Ive never handgun hunted before but I bought a Contender off of a guy with a 10 inch barrel that shoots 45 colt/410 so now Im looking forward to killing a deer with one. My question is can I kill a deer with this setup and whats the best ammo to shoot? Any advice will be helpful, thanks.


----------



## Joe_Atlanta (May 9, 2012)

Standard .45 Colt from 10" barrel should do fine out to 50 yds. Past that you should look into loading it a little hotter. Either do it yourself or Google: 45 Colt+P to buy some . The +P stuff should be good out to 100+ yds.
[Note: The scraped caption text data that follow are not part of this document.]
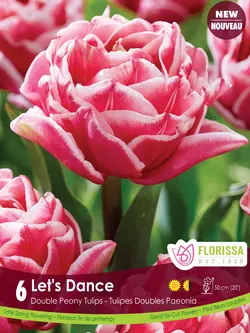 Florissa Tulip Let's Dance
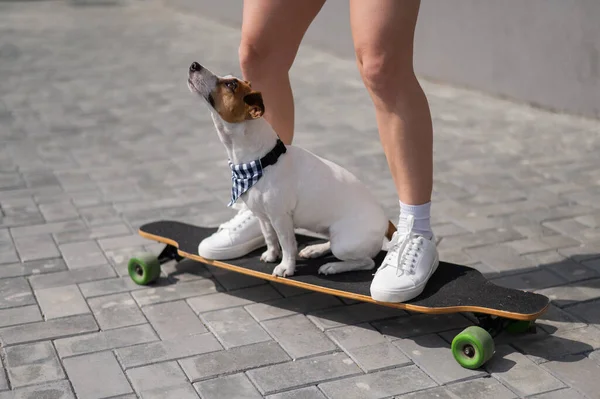 Kaukasierin Reitet Mit Hund Jack Russell Terrier Auf Einem Longboard — Stockfoto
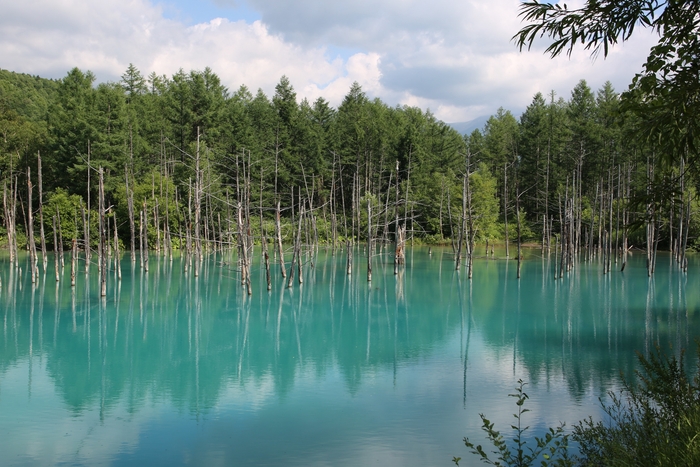 美瑛 青い池
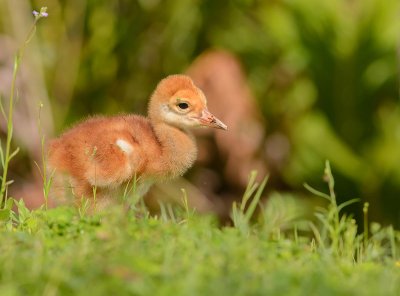 grue du Canada-sandhill crane.1.jpg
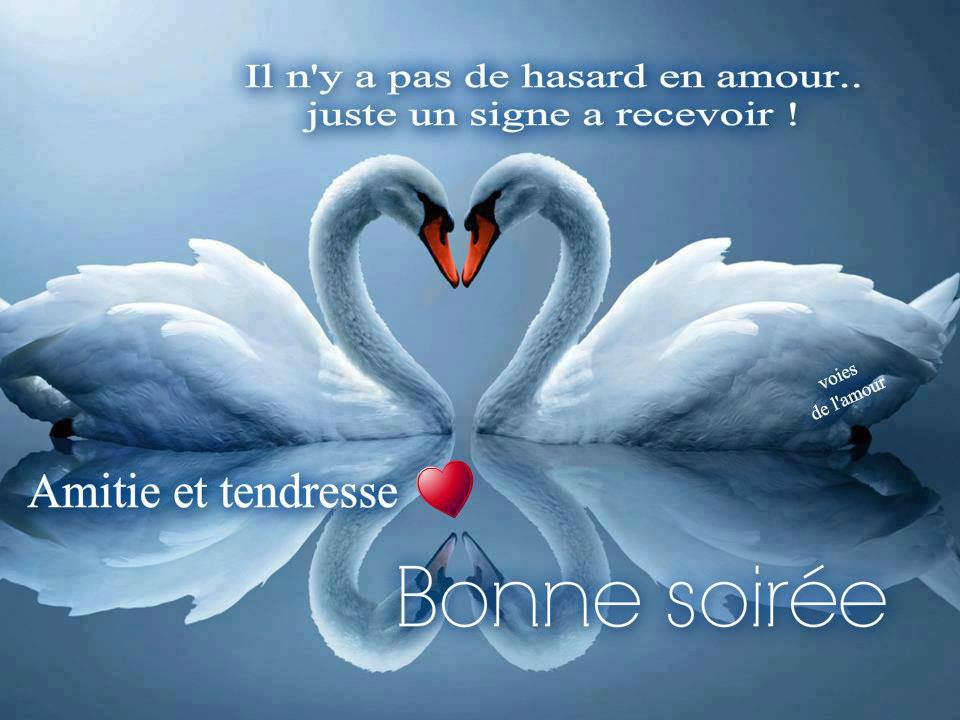 ᐅ image bonne journée tendresse - Bonne journée images gratuites ᐅ image bonne journée tendresse - Bonne journée images gratuites
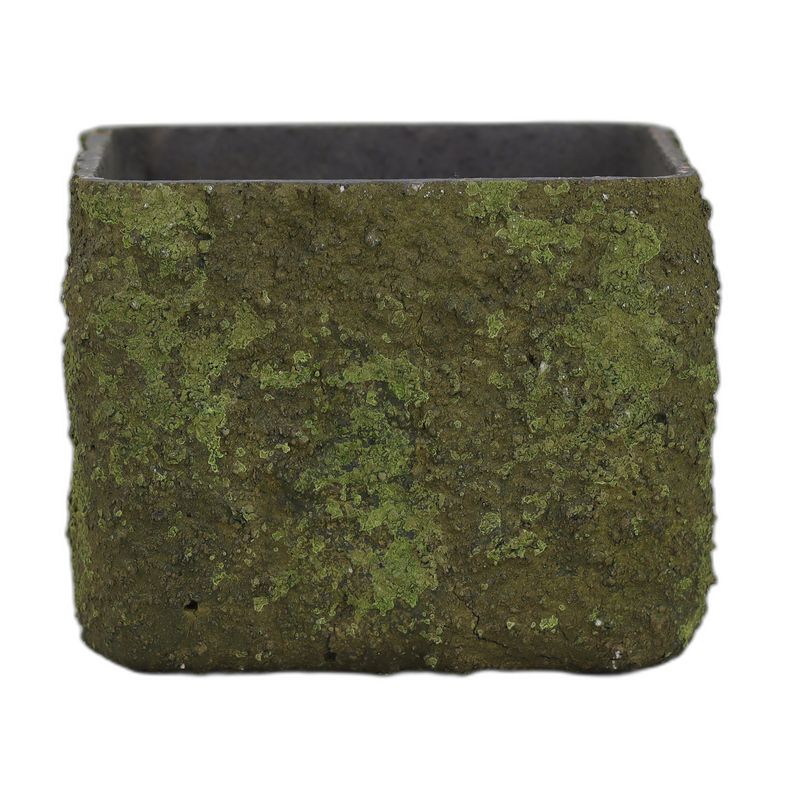 Textured Moss pot rechthoekig M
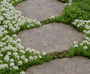 Kruiptijm 'Wit' - Thymus praecox 'Albiflorus' (ook per/m2)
Once you get ammo it will come down to how far away can you shoot accurately enough to place the shot for a humane kill.


----------



## Philbow (May 9, 2012)

The limiting factor will be the accuracy (or complete lack of) with the 45/410 barrel. I have an old 45/410 barrel and I have not found any 45 loads accurate enough for my hunting. Your barrel may be more accurate than mine only testing will tell. 
*DO NOT TRY 45s THROUGH THE CHOKE TUBE*. Bad things are likely to occur.

(I assume it has the "hidden" choke tube.)


----------



## frankwright (May 9, 2012)

A lot of handgun hunters have had accuracy problems with the 45/410 barrel due to the bullet jump in the chamber but at handgun distances you will probably be fine.

I would think any good 250gr swc, JSP or Hornady XTP would do fine on deer sized game out to 75 yards if you do your part.

get some ammo and get to the range and find out the guns and your limitations, how far you can accurately shoot at what distance and then go have some fun next deer season.


----------



## deast1988 (May 9, 2012)

Look into buffalo bore, Corbon, and double tap. These are the hotter loads available. Ballistic wise consider Hornady flextips not sure grains but they can improve ur groups over distance if you go with optics add a little more range and speed with ur 10in barrel.


----------



## Richard P (May 10, 2012)

If you find your .45 /410 barrel does not fit your needs there are many suitable barrels to be found on the used market. And, as mentioned----DO NOT shoot bullets through the choke. It was put there to stop the shot charge from spinning due to the effect of the rifling. The barrel has rifling because T/C could not market a smooth bore barrel of less than 18'' due to federal laws governing shotguns.


----------



## Adam Chesley (May 11, 2012)

I appreciate all of the advice guys.


----------



## Philbow (May 13, 2012)

Adam,
When you try the 45 loads could you post the group size with each one? I would be interested in the results.
                                                                              Phil


----------



## Adam Chesley (May 17, 2012)

Will do Phil as soon as I find the time to get out and shoot it. Not that it matters or anything because I really like the gun but what do yall think this gun is worth? I gave the guy $300 for it.


----------



## Richard P (May 17, 2012)

Adam, the bare frame goes around 225$. Once you get it going you'll find it is very well worth what you gave. Once you add a .22lr barrel you'll have even more fun with it.


----------